The leak reveals that the relationship between Europe and America are weaker than had been thought. There are also huge disagreement about the core provisions.
TTIP talks have been held in virtually secrecy, and most information that is known in public has come out from unofficial leaks, which has already worried many who see the deal has fundamentally un-democratic.
The new pages, leaked by Greenpeace, represent the first major look at how the highly confidential talks are progressing.
The leaks could be enough to destabilise the deal completely, according to campaigners who have claimed that the agreement couldn’t survive the leaks.
“Now that we can see the actual texts, the EU negotiators have nowhere left to hide,” John Hilary, the executive director of War on Want, said. “The gloves are off, and they know they are in for a proper fight.”
They indicate that the US is looking strongly to change regulation in Europe to lessen the protections on the environment, consumer rights and other positions that the EU affords to its citizens.
Representatives for each side appear to have found that they have run into “irreconcilable” differences that could undermine the signing of the landmark and highly controversial trade deal, campaigners say.

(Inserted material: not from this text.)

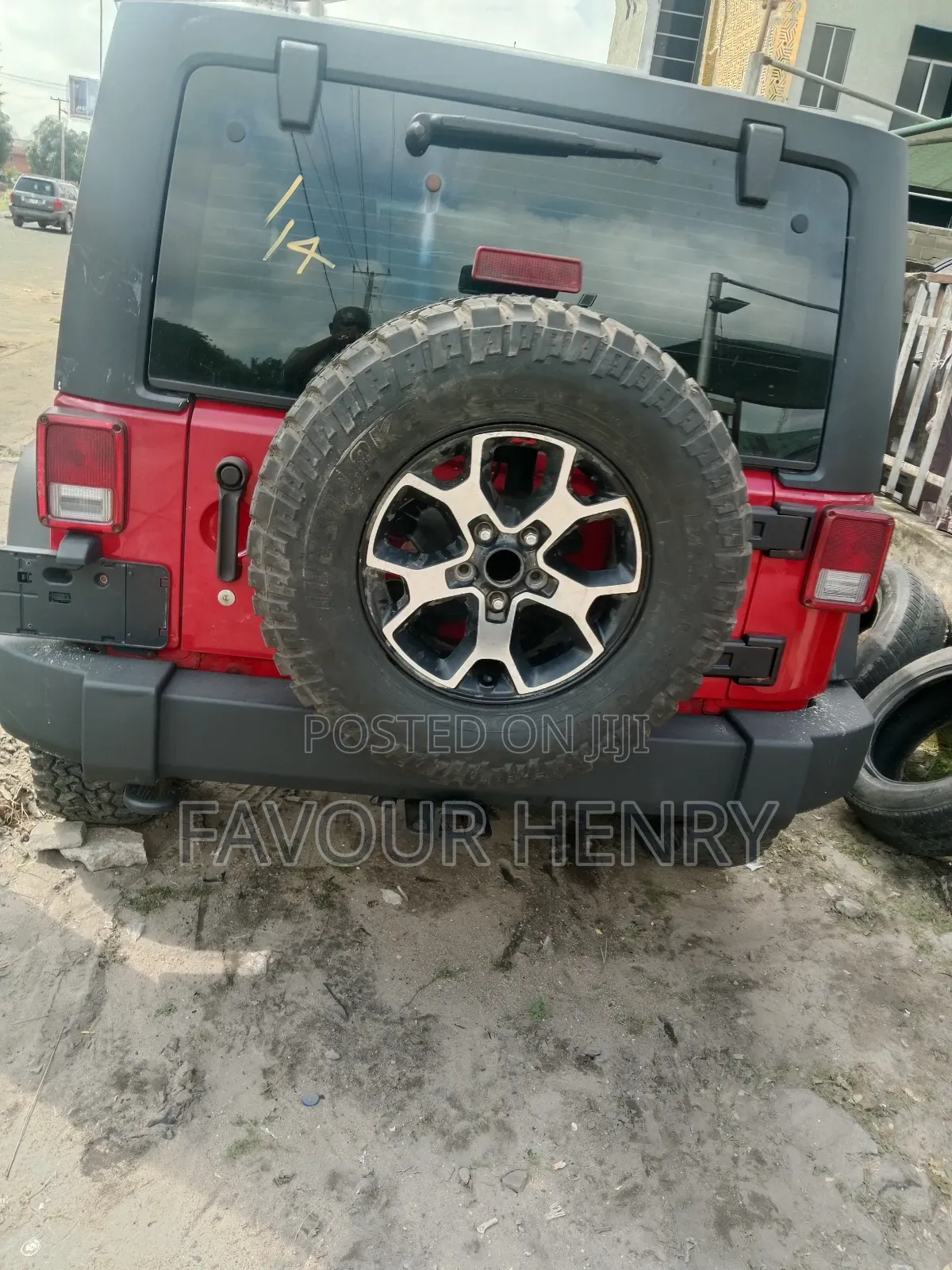 Car 2012 Red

Guy Taylor, trade campaigner at Global Justice Now said: “TTIP is being cooked up behind closed doors because when ordinary people find out about the threat it poses to democracy and consumer protections, they are of course opposed to it.
“It’s no secret that the negotiations have been on increasingly shaky ground. Millions of people across Europe have signed petitions against TTIP, and hundreds of thousands have taken to the streets to call for an end to the negotiations.
“These leaks should be seen as another nail in the coffin of a toxic trade deal that corporate power is unsuccessfully trying to impose on ordinary people and our democracies.”
Kevin Smith, a spokesperson for Global Justice Now, said: “However ‘on the ropes’ that TTIP might seem to be, it’s critical that concerned citizens and campaign groups don’t rest on their laurels, but instead use this moment to escalate their opposition and make sure that this outrageous corporate power grab is seen off once and for all.”